[Items from a data source]

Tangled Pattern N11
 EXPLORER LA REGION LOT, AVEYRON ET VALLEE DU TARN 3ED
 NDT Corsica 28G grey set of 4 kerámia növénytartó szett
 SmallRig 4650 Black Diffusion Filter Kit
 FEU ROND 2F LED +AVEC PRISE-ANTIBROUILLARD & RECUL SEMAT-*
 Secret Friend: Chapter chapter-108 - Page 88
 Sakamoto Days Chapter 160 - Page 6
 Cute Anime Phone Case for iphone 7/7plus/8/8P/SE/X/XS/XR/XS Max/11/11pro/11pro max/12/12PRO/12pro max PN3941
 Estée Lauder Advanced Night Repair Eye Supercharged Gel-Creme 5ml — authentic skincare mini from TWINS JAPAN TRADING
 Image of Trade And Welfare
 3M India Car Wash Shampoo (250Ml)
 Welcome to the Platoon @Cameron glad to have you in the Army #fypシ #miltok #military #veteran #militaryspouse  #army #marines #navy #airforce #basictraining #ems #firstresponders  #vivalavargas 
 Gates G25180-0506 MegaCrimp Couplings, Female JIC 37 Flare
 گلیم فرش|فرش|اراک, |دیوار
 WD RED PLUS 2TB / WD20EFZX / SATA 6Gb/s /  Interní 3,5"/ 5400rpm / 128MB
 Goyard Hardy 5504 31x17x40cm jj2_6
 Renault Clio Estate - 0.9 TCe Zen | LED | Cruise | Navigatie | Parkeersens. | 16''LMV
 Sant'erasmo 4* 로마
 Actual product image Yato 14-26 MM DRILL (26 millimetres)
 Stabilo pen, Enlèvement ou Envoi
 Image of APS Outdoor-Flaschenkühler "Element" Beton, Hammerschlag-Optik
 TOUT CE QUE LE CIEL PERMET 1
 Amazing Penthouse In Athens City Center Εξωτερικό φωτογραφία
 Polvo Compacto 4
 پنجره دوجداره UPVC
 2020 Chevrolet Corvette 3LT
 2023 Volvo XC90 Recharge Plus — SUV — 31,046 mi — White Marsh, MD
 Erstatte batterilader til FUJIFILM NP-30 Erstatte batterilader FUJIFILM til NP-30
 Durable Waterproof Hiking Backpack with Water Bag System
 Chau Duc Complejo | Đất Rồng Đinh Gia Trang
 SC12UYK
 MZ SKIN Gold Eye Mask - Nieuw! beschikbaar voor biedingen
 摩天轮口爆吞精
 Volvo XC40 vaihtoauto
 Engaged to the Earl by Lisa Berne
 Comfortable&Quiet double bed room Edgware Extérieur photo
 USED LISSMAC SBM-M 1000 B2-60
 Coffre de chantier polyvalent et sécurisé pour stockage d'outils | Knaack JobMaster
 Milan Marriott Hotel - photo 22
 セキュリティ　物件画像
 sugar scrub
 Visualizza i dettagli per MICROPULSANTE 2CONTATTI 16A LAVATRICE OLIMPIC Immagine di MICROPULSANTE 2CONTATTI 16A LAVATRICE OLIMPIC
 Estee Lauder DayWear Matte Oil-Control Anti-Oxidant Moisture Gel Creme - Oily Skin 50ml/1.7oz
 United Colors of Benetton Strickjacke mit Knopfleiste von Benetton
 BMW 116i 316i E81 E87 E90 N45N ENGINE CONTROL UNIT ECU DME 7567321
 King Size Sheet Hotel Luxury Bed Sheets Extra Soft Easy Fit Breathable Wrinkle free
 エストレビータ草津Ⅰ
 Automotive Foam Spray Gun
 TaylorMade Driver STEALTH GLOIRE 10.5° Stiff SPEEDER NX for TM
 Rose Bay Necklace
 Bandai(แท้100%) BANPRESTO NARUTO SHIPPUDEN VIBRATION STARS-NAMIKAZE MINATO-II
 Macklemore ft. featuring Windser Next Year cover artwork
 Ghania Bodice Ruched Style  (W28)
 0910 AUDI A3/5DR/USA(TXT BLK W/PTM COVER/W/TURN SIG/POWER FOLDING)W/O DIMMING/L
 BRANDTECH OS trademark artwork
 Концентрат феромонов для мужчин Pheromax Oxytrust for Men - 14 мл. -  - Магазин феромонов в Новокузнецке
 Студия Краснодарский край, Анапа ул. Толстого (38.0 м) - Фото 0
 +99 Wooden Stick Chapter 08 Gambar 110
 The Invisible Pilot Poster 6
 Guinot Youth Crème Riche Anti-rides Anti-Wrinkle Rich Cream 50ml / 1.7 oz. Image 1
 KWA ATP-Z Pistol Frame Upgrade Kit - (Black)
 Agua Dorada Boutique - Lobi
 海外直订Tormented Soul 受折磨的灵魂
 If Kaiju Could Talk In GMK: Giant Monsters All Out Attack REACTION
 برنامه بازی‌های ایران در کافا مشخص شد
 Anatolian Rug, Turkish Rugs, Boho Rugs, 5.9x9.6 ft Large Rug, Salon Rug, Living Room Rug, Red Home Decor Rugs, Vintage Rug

--- Task brief ---
Verbatim output is expected for the lines from the start of the data to the line in which "FEU ROND 2F" appears, both included.

--- Answer space ---
Tangled Pattern N11
 EXPLORER LA REGION LOT, AVEYRON ET VALLEE DU TARN 3ED
 NDT Corsica 28G grey set of 4 kerámia növénytartó szett
 SmallRig 4650 Black Diffusion Filter Kit
 FEU ROND 2F LED +AVEC PRISE-ANTIBROUILLARD & RECUL SEMAT-*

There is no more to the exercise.